BEGIN

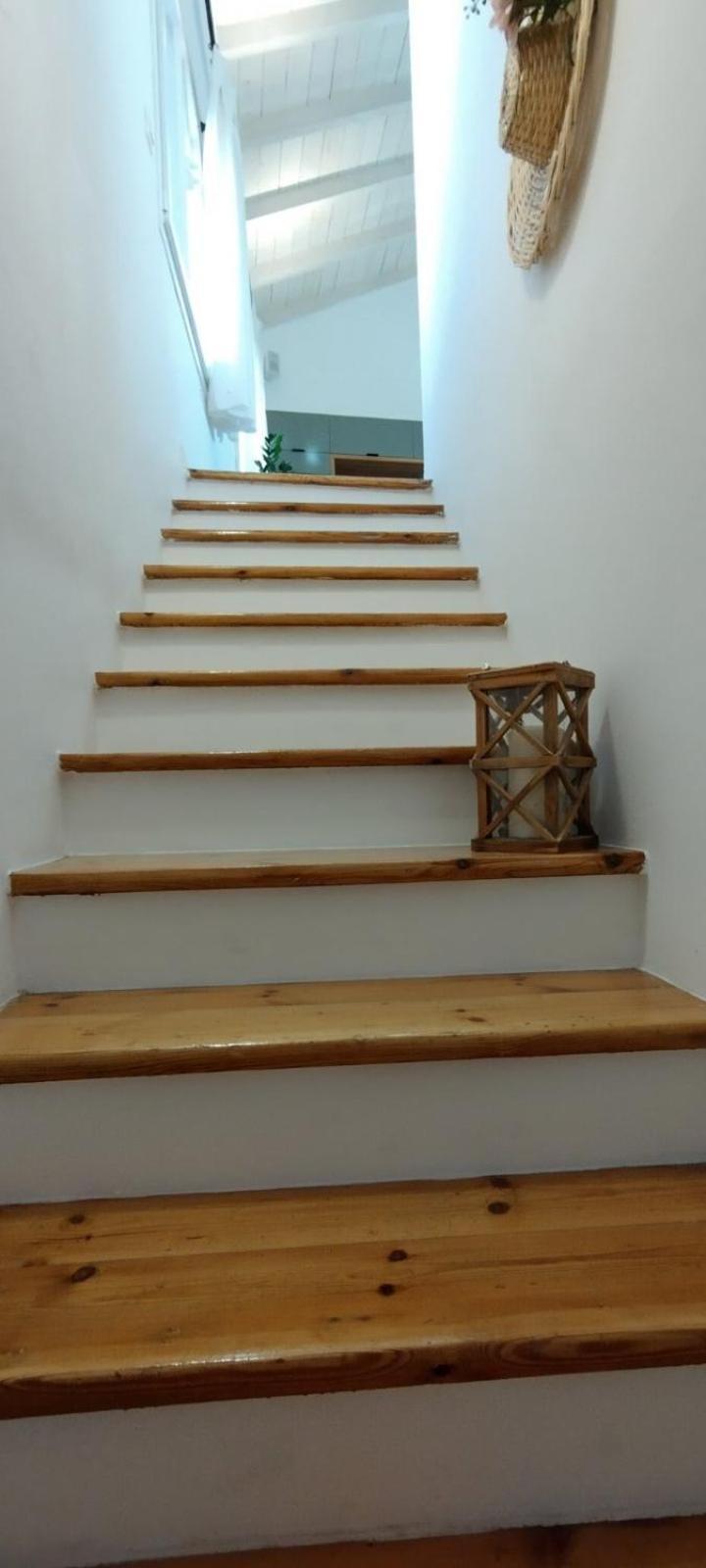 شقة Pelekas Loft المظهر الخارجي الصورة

END
BEGIN

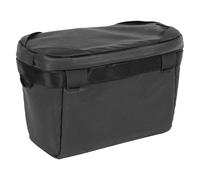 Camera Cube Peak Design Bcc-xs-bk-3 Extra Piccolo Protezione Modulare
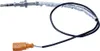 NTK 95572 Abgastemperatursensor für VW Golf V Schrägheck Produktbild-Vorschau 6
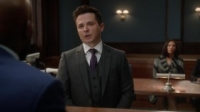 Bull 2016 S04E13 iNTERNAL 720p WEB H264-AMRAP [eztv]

END

TASK STATEMENT:
Would you please repeat only the lines above, beginning at the one that has "NTK 95572 Abgastemperatursensor" and stopping after the one that has "Bull 2016 S04E13", exactly and with no pictures?

EXERCISE RESULT:
 NTK 95572 Abgastemperatursensor für VW Golf V Schrägheck Produktbild-Vorschau 6
 Bull 2016 S04E13 iNTERNAL 720p WEB H264-AMRAP [eztv]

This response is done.